● GIVEN ENTRIES
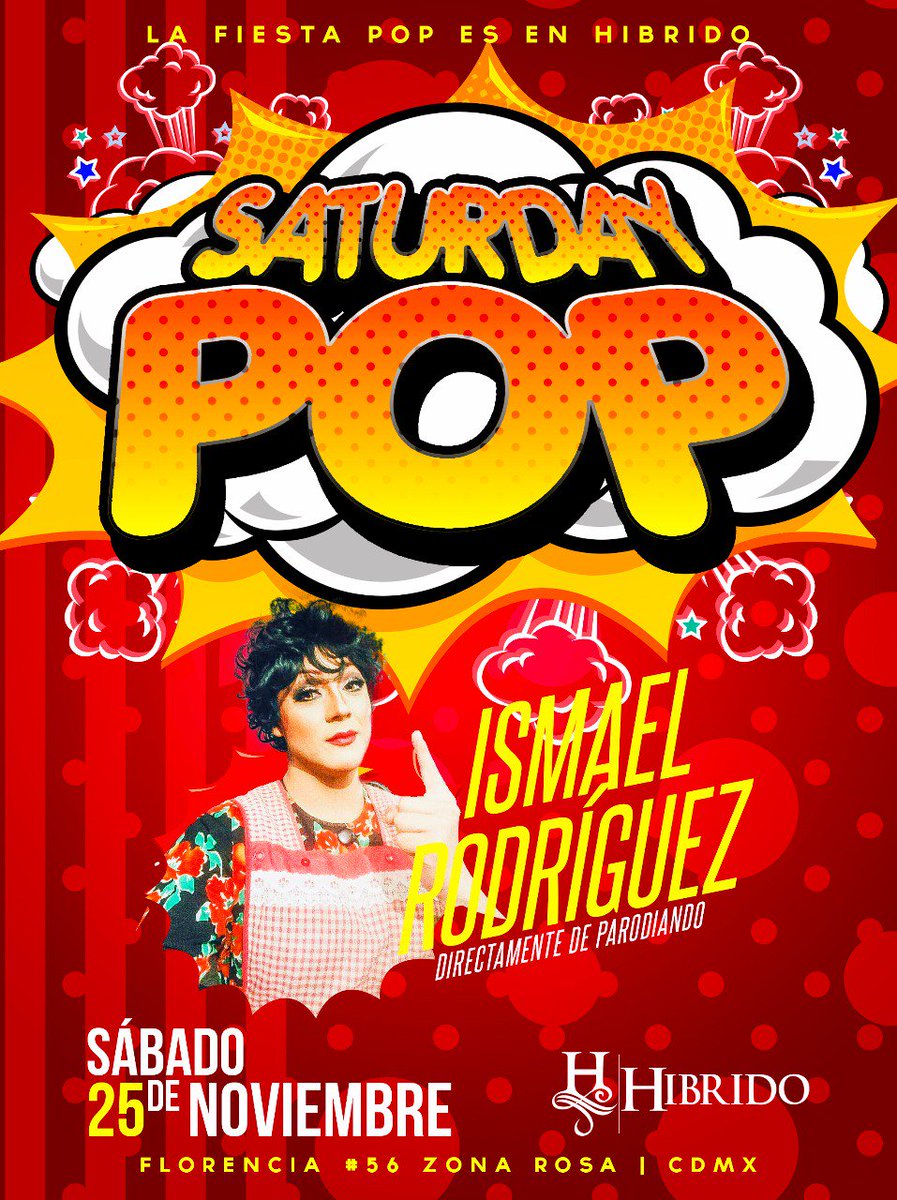 HibridoNightC's tweet photo. El Sábado #SaturdayPop
Música: Dj Koko y Marko Galicia
Desde "Parodiando" tendremos a Ismael Rodríguez.
Cover $60 toda la noche.
Contamos con servicio de Valet Parking.
De 10/PM a 12/AM cover 2x1 en lista de invitados.
/Florencia 56 Zona Rosa/ https://t.co/Pq5hgIfSL7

● ASSIGNMENT
Reproduce the data word for word, excluding its pictures.

● RESPONSE TO THE TASK
 HibridoNightC's tweet photo. El Sábado #SaturdayPop
Música: Dj Koko y Marko Galicia
Desde "Parodiando" tendremos a Ismael Rodríguez.
Cover $60 toda la noche.
Contamos con servicio de Valet Parking.
De 10/PM a 12/AM cover 2x1 en lista de invitados.
/Florencia 56 Zona Rosa/ https://t.co/Pq5hgIfSL7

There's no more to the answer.